The ice-cream should ideally be served on the day you make it / LISA BARBER

I love ice-creams that contain a fruit ripple, it is old-fashioned and nostalgic to me. To ensure an ice-cream that really ripples, make sure that both the custard and raspberry purée are well chilled.

450ml/16 fl oz double cream
150ml/1/4 pint of whole milk
1 vanilla pod, split in half lengthwise
6 organic free range eggs
120g/4oz caster sugar
2 punnets of English raspberries
120g/4oz caster sugar
A small pinch of salt
2 tbsp rose syrup

Place the cream and milk into a heavy-based pan and set over a low heat. Scrape the seeds from the vanilla pod and add them to the pan.

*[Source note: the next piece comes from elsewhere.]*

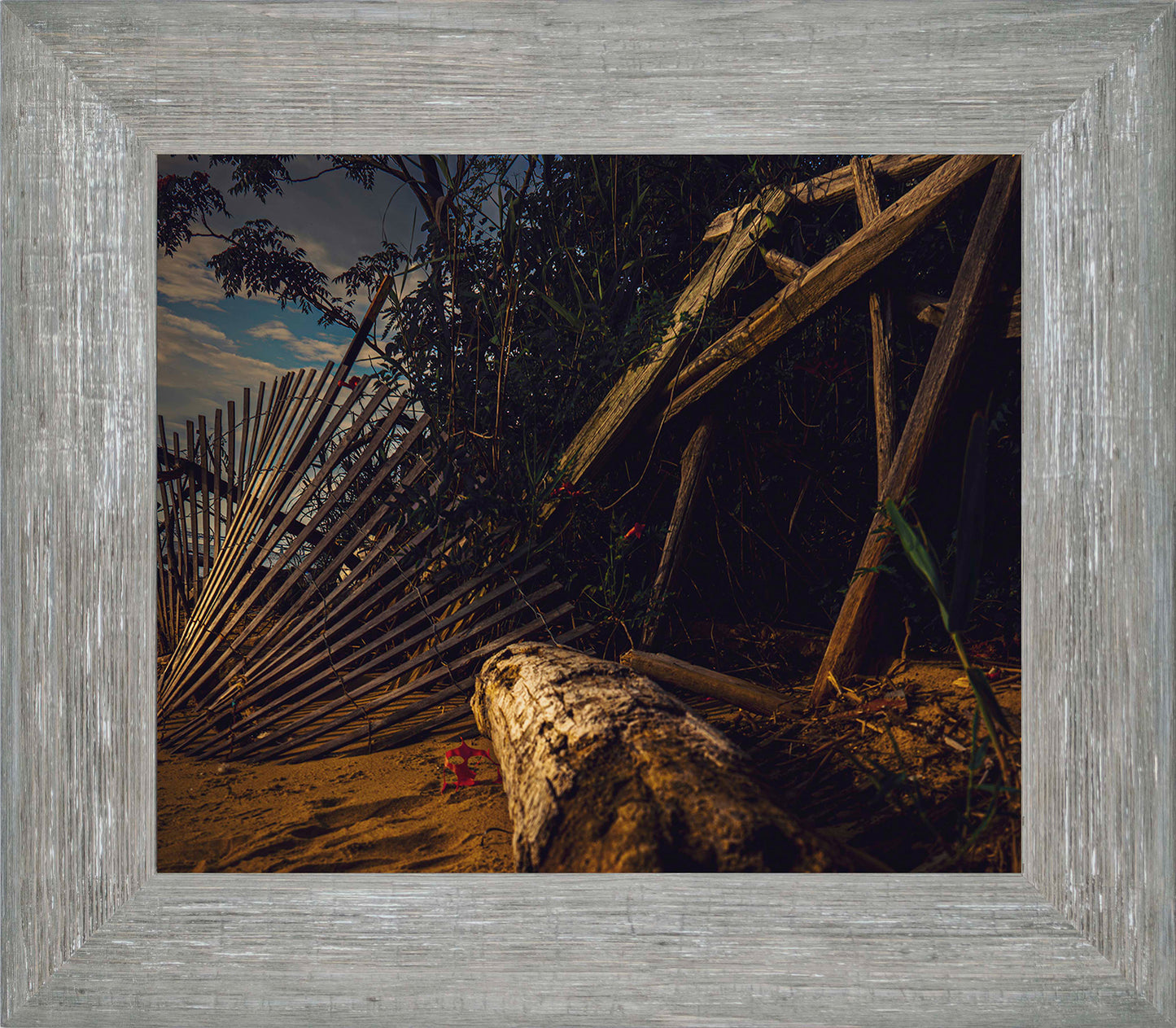 Storm Damage at Matapeake -- Digital Print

Slowly bring to just under a boil, remove from the stove and allow to infuse for 15 minutes. Meanwhile, whisk the eggs and sugar together really well, then pour over the warm cream, whisk again and return to the stove on the lowest possible heat.

Stir in a figure-of- eight motion with a wooden spoon until the custard begins to thicken (this will take about 10 minutes), then immediately pour into a cool bowl. When it's cooled completely, put it into an ice-cream maker and follow the instructions.

Place the raspberries, sugar and salt into a pan over a medium heat. Cook for 10 minutes, stirring occasionally, until the raspberries begin to ooze their juice. Then add the rose syrup.

Allow to cool, then transfer your ice-cream into a bowl and put in the fridge. Wash your ice-cream maker well, then churn the purée in it until it is well chilled and has thickened substantially. This will take around 20 minutes. Very lightly fold the chilled sorbet into the ice-cream, then keep in the freezer until ready to use – ideally the day you make it.